Aim of the exercise:
All the data below goes into the copy word for word, but the pictures don't.

Dataset section:
+ + + + +
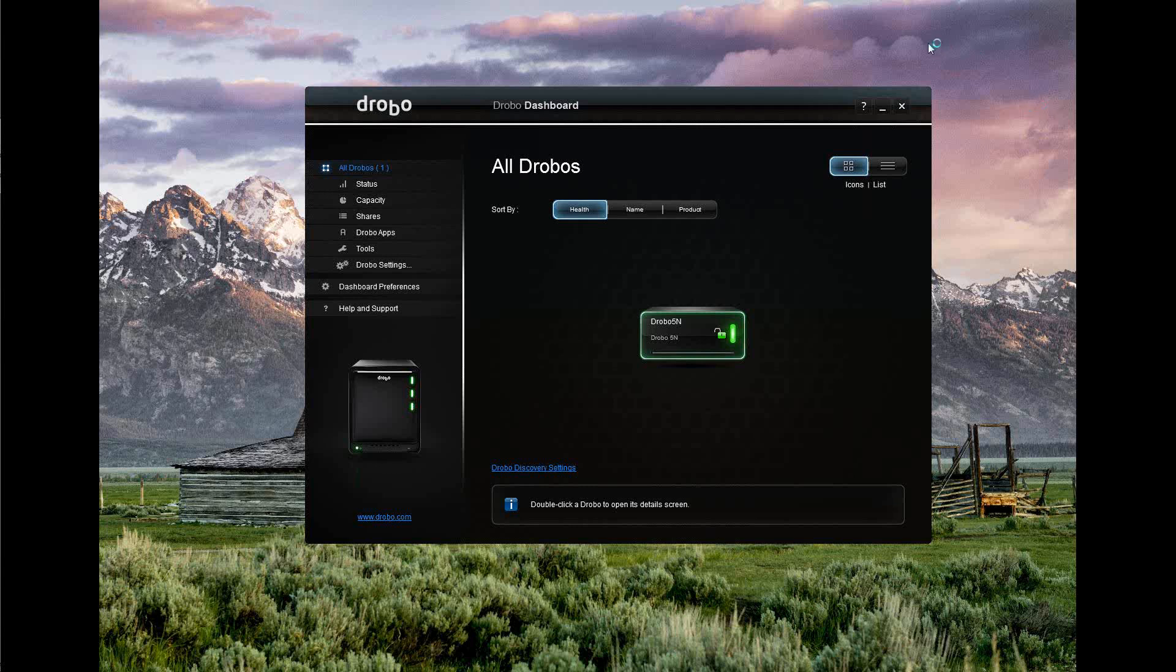Alright, so this is the third in the series of the Drobo 5N installation. Started with the unboxing, then we went to the installation of the Drobo dashboard. I then went downstairs during the intermission between videos 2 and 3 and plugged the Drobo into the network. It took about 10 minutes for it to work its magic on the 3 terabyte drives, show up on the network, and say it's ready to go.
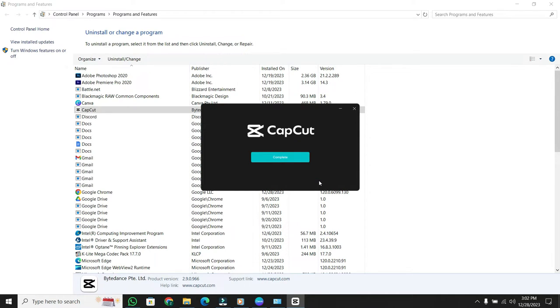Once it's done, you're good to go. Now you have learned how to uninstall CapCut on PC or laptop.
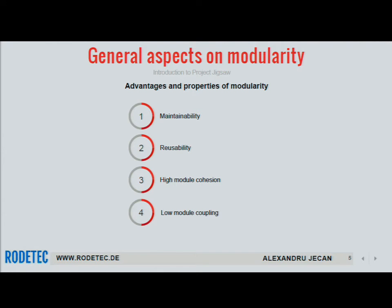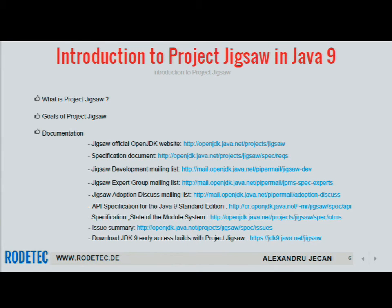High module cohesion and low module coupling is what you want to achieve in modularity. Cohesion measures how well the elements of a module belong together and is achieved by reducing module complexity and defining one predefined scope per module. Low module coupling specifies the level of interdependency between modules — interfaces must hide their implementation so the resulting modules are independent and can be modified or swapped without breaking other modules or the application.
+ + + + +
Reply to the task:
Alright, so this is the third in the series of the Drobo 5N installation. Started with the unboxing, then we went to the installation of the Drobo dashboard. I then went downstairs during the intermission between videos 2 and 3 and plugged the Drobo into the network. It took about 10 minutes for it to work its magic on the 3 terabyte drives, show up on the network, and say it's ready to go.
Once it's done, you're good to go. Now you have learned how to uninstall CapCut on PC or laptop.
High module cohesion and low module coupling is what you want to achieve in modularity. Cohesion measures how well the elements of a module belong together and is achieved by reducing module complexity and defining one predefined scope per module. Low module coupling specifies the level of interdependency between modules — interfaces must hide their implementation so the resulting modules are independent and can be modified or swapped without breaking other modules or the application.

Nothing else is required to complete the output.